Most certainly I do it with constant words of affection—everyone needs to hear they are loved. I also must hug them regularly, kiss them goodbye and goodnight and hold them close to me when they’ve had a particularly bad day and just need to feel safe and warm in someone’s embrace for a moment. I believe it takes forgiveness to really love completely. My children must know I will forgive them and that I am a strong believer in fresh starts. More than anything, however, I feel I can show my love most generously by giving each of them my time. Time is the hardest thing to give it seems, but oh, how they each need it! They need to know they are more important than my other endeavors and they need to know I will be here for them—with my eyes, my mind, my heart and especially my time. I feel them hunger for it, and it is what I must give.

How grateful I am for the amazing gift of love I have for/from my children! They have loved me at some of my most unlovable moments. They have laughed with me, cried with me and prayed with and for me. They have never given up on me. I imagine their futures and know hard days are ahead.
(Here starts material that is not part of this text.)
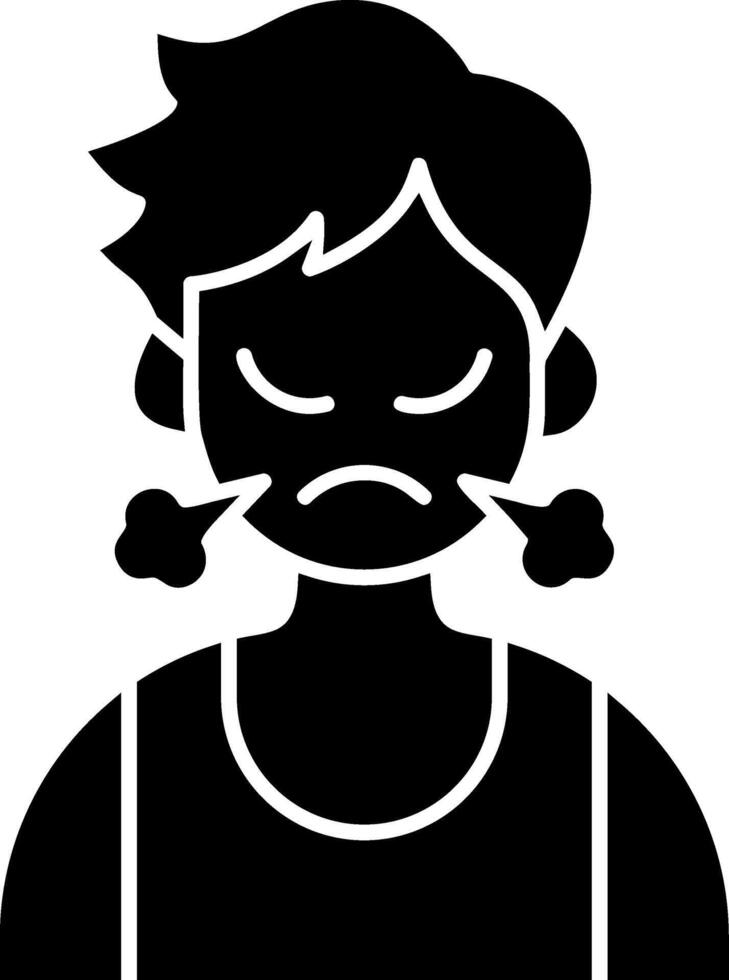 Steaming with Anger Young Boy solid vector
I know they will stumble and fall at times and make heartbreaking choices, but that will not change my love for them. In those moments, I pray with all my heart, I will love them better and love them more, not for their lack of judgment and righteous decision-making, but for their ability and desire to get back up and keep trying. Everyone needs love at those times.


My earnest prayer is that each one of my children—Hallee, Nate, Regyn, Boston and Berkley—will know unequivocally that their mother, this imperfect, undeserving mess of a woman at times—loves them with all her heart and soul. And that will never change!